The paper dries out the skin of my hands, and looking at my palms I feel the dryness of my mouth as well. I have tented my bulletin over the fabric of the pew next to me.
We make our plans, yes, and often we determine the steps, too. We build communities and pews and gyms, and make forays into apartment buildings to knock and ask to be let in to share the Good News, and are annoyed when we are told that it isn’t a good time. We have walls and locks and security glass and insurance policies. We hold our cards close. We carry crockpots to our potlucks and do the Lord’s work by sitting next to people we don’t know very well. We like the idea of having rights. We like to keep our hearts intact. We like to manage our transactions with the world. You can never be too careful, of course.
Because wow, is the world ever adept at annihilating a person if she lets her guard down. Perhaps this is something the bulletin obscures in order to make clear a week’s worth of events. Children’s church needs a new teacher; email our secretary if you are interested. Here is a moment of clarity in the chaos. But out in the roiling tumult a journalist bleeds into a patch of sand under a sky that’s still God’s, if memory serves. What’s outside this ongoing act of community can be downright horrifying, although that isn’t to say that what’s within the community can’t be. Moses can’t look at God full on in the face because if he did he’d die. We can’t look at the world without interposing a filter either, and perhaps for similar reasons. Would your mind stay whole if you were privy to the suffering of the whole race?
We stand and sing a hymn out of our bulletins. The praise team botches a key change. The A/C hums.

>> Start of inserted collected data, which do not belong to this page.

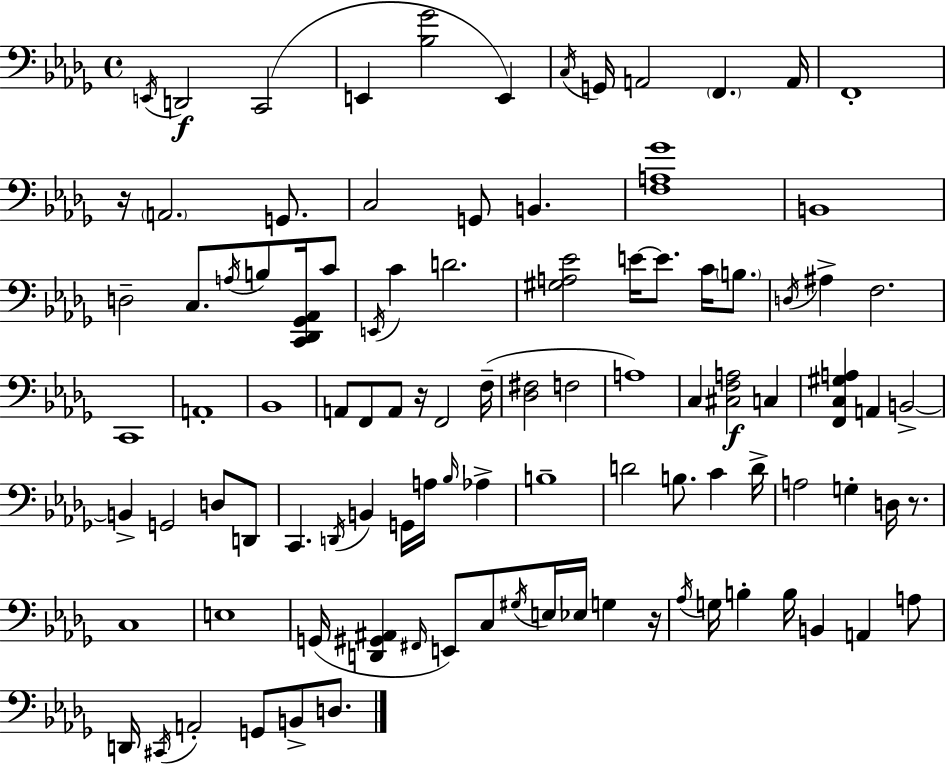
{
  \clef bass
  \time 4/4
  \defaultTimeSignature
  \key bes \minor
  \repeat volta 2 { \acciaccatura { e,16 }\f d,2 c,2( | e,4 <bes ges'>2 e,4) | \acciaccatura { c16 } g,16 a,2 \parenthesize f,4. | a,16 f,1-. | \break r16 \parenthesize a,2. g,8. | c2 g,8 b,4. | <f a ges'>1 | b,1 | \break d2-- c8. \acciaccatura { a16 } b8 | <c, des, ges, aes,>16 c'8 \acciaccatura { e,16 } c'4 d'2. | <gis a ees'>2 e'16~~ e'8. | c'16 \parenthesize b8. \acciaccatura { d16 } ais4-> f2. | \break c,1 | a,1-. | bes,1 | a,8 f,8 a,8 r16 f,2 | \break f16--( <des fis>2 f2 | a1) | c4 <cis f a>2\f | c4 <f, c gis a>4 a,4 b,2->~~ | \break b,4-> g,2 | d8 d,8 c,4. \acciaccatura { d,16 } b,4 | g,16 a16 \grace { bes16 } aes4-> b1-- | d'2 b8. | \break c'4 d'16-> a2 g4-. | d16 r8. c1 | e1 | g,16( <d, gis, ais,>4 \grace { fis,16 }) e,8 c8 | \break \acciaccatura { gis16 } e16 ees16 g4 r16 \acciaccatura { aes16 } g16 b4-. b16 | b,4 a,4 a8 d,16 \acciaccatura { cis,16 } a,2-. | g,8 b,8-> d8. } \bar "|."
}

I get up to leave after the service ends and walk past the elder, who sits without any bulletins in a pew near the back. He is looking up into the apex of the sanctuary, where thin steel cables hang a lacquered wooden cross high above the stage.
Outside I use my bulletin to shield my eyes from the sun. There are birds in the air above the parking lot, but it is almost too bright for me to see them.
A friend recently wrote that God watches sparrows fall to the ground. I do not. I have watched sparrows in flight from a distance, shielding my eyes with a paper tent, but I have never watched one die.